The most frequently reported symptoms associated with the disease are abdominal pain, diarrhea, and vomiting, though they can vary depending on the site of involvement [7]. Potentially effective therapies recently evaluated include topical glucocorticoid administration, elimination diet, and molecular target therapy with neutralizing antibodies.

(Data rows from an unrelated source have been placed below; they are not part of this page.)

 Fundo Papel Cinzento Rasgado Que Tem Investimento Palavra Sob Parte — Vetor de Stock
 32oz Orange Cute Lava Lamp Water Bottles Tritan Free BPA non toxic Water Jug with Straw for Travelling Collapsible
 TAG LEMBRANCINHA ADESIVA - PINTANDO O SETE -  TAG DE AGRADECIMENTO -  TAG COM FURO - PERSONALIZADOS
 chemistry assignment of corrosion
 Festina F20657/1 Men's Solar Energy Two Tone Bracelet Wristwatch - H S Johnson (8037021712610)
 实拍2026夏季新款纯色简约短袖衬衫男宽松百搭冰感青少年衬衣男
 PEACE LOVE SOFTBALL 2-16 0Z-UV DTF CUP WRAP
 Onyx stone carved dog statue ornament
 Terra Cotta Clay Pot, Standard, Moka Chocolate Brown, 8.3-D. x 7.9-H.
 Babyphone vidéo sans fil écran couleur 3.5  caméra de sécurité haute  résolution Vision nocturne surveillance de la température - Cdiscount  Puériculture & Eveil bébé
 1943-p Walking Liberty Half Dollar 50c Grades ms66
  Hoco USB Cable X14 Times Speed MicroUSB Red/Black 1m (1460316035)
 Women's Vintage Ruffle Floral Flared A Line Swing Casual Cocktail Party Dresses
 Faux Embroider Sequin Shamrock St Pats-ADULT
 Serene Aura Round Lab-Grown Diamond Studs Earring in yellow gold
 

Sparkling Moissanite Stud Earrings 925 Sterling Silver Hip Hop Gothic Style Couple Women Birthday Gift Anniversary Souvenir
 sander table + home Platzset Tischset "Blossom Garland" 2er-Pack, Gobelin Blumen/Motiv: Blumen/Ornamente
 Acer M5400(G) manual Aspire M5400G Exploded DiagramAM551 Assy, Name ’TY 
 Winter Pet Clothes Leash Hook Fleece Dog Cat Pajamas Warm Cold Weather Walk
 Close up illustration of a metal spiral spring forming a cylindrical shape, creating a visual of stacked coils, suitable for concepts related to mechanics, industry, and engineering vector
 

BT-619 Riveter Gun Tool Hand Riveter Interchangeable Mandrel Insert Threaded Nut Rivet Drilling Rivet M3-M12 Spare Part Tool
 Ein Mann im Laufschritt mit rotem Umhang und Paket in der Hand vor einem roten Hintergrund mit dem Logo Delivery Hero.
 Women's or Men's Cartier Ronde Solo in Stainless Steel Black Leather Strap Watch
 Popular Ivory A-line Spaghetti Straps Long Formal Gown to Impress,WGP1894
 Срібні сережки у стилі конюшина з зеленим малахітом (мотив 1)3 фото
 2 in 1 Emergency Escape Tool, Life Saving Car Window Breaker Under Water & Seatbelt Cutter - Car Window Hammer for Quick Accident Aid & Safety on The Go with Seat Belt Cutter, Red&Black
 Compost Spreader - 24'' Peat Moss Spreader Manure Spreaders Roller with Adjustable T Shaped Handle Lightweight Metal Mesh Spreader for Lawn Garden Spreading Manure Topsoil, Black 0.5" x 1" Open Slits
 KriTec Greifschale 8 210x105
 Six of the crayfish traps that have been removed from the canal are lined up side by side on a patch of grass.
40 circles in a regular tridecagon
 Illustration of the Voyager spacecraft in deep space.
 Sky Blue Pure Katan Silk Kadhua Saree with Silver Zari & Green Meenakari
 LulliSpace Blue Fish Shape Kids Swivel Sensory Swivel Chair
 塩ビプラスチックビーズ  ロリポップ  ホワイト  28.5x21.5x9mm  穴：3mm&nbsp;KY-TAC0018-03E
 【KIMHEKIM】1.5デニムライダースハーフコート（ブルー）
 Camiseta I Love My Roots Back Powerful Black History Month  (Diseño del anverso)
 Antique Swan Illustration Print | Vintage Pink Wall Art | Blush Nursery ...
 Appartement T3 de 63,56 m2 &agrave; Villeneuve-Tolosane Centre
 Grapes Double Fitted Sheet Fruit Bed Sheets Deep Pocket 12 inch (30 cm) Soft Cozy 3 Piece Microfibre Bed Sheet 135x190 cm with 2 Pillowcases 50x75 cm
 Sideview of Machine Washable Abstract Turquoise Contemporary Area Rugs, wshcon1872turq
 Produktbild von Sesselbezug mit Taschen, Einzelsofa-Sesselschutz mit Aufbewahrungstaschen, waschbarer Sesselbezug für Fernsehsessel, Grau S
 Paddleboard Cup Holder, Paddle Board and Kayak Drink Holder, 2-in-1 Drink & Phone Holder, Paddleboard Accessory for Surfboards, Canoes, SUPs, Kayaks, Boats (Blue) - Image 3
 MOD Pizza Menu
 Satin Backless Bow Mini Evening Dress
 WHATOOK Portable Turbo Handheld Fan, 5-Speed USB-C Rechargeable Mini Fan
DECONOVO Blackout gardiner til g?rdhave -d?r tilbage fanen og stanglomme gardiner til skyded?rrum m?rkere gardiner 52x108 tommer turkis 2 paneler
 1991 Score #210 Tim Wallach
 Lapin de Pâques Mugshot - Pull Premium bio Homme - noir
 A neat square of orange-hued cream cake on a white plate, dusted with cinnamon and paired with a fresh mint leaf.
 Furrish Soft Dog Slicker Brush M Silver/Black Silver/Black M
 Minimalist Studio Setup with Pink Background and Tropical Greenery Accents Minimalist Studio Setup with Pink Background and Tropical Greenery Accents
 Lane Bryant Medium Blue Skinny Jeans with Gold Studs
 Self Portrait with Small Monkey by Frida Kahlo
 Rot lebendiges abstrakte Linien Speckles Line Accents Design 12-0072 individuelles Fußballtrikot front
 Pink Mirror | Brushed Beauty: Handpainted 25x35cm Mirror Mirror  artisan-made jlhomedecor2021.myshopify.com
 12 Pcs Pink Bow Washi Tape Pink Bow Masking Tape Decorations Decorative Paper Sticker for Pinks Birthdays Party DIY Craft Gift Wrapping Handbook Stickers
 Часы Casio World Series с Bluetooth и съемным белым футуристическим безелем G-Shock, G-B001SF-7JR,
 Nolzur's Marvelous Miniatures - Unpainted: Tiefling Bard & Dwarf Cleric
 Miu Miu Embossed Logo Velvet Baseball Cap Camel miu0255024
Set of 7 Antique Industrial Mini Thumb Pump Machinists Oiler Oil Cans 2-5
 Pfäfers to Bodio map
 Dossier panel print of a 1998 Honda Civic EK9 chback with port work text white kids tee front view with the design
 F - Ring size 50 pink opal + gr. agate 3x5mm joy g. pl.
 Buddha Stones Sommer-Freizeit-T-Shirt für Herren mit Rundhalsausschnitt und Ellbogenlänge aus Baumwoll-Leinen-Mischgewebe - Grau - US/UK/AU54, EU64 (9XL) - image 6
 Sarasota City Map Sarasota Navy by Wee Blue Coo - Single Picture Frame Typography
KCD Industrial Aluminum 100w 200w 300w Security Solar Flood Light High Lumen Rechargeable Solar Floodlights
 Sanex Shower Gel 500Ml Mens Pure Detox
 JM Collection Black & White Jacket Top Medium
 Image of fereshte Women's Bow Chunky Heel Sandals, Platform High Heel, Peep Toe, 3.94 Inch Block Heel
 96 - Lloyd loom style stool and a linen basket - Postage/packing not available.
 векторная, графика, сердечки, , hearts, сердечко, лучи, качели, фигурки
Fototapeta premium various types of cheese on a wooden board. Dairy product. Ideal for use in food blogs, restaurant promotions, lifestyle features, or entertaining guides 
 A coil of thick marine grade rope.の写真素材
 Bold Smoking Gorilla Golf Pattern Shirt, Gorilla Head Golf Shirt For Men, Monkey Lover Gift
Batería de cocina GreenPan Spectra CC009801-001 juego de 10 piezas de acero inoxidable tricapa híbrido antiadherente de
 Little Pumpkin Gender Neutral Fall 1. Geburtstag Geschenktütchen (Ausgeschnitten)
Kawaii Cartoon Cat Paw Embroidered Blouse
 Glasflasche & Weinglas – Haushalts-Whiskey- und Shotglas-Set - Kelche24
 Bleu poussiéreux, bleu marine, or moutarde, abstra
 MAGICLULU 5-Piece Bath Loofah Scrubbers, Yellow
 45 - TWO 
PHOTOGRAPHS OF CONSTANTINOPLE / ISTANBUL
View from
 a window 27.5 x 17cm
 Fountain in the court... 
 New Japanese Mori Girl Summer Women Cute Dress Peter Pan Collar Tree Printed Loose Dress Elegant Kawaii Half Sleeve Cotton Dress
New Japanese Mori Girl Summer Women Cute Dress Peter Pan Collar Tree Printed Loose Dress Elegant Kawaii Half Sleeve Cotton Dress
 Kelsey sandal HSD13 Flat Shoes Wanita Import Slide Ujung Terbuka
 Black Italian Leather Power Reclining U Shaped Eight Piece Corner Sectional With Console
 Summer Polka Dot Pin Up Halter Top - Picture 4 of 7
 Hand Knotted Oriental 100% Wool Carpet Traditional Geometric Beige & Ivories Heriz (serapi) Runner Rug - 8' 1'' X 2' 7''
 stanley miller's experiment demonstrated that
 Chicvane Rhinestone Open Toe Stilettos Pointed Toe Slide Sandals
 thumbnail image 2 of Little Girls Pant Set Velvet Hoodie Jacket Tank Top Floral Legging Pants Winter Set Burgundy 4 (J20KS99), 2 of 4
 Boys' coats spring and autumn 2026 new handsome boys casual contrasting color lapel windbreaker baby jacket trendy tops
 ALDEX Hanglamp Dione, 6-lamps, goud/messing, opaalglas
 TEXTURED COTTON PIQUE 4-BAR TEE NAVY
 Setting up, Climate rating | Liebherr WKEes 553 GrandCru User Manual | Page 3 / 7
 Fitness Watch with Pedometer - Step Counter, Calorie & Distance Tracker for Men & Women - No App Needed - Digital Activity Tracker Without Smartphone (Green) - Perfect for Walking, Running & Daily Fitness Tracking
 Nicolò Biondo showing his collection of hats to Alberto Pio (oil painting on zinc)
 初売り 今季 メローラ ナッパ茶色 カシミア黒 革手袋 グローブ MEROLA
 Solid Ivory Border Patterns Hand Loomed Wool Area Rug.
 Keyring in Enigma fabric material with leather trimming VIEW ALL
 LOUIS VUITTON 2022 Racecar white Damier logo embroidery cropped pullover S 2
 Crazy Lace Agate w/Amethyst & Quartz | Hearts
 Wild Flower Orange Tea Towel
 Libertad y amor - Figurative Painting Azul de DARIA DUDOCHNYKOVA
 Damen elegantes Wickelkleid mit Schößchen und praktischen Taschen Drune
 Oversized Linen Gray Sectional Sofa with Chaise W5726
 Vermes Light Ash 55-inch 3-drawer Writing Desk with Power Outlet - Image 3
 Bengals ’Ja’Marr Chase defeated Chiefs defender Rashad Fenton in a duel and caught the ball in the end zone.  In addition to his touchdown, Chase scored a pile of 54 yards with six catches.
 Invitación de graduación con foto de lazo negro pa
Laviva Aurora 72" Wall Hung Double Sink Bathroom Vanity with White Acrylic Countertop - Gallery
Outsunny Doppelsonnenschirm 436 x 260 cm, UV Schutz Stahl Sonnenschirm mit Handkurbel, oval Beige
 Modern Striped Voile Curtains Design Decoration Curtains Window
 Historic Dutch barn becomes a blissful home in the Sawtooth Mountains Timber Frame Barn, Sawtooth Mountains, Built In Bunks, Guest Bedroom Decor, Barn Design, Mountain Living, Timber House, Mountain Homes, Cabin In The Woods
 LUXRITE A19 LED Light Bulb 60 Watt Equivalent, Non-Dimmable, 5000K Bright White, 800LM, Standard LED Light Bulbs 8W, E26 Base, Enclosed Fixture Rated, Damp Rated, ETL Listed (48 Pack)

EGE is classified into three types based on the extent and layer of the bowel with eosinophil infiltration: mucosal disease, muscular layer disease, and subserosal disease [10]. According to their symptoms, and histological and various imaging findings, including a fluoroscopic examination or EUS, each of the present cases was considered to represent the most frequent type of mucosal disease. Laboratory testing of blood samples, including IgE and Th2-type cytokines, as well as other immune-related substances, are presently not considered reliable for diagnosis or severity grading of EGE [11], and no specific antigen-directed IgE has been detected in EGE patients [12]. Thus, peripheral eosinophilia is thought to be the only good diagnostic clue for EGE, though that may be normal in approximately 20% of affected patients [3]. Both of our patients also had a normal range of concentration of peripheral eosinophils.
Over the past six years, 27 patients have been diagnosed with EGE at our hospital, of whom 13 had large numbers of eosinophilic infiltrates within the stomach confirmed by endoscopic biopsy results. In addition, these 13 patients showed non-specific abnormalities, such as an ulcerative pattern (redness, erosion, ulcer; n=9) or elevated pattern (thickening, nodularity; n=3), or no significant findings (n=1). Therefore, we consider that a histopathological examination of biopsy specimens provides a critical addition to endoscopic study findings, even when no apparent macroscopic endoscopic abnormality is found.
Conclusions
EGE is an uncommon condition, though affected patients often present with signs and symptoms similar to many other diseases. It is important to share information such as the present case findings to assist pathologists, practitioners, as well as surgeons in making a correct early diagnosis and providing effective treatment to avoid a futile surgical procedure.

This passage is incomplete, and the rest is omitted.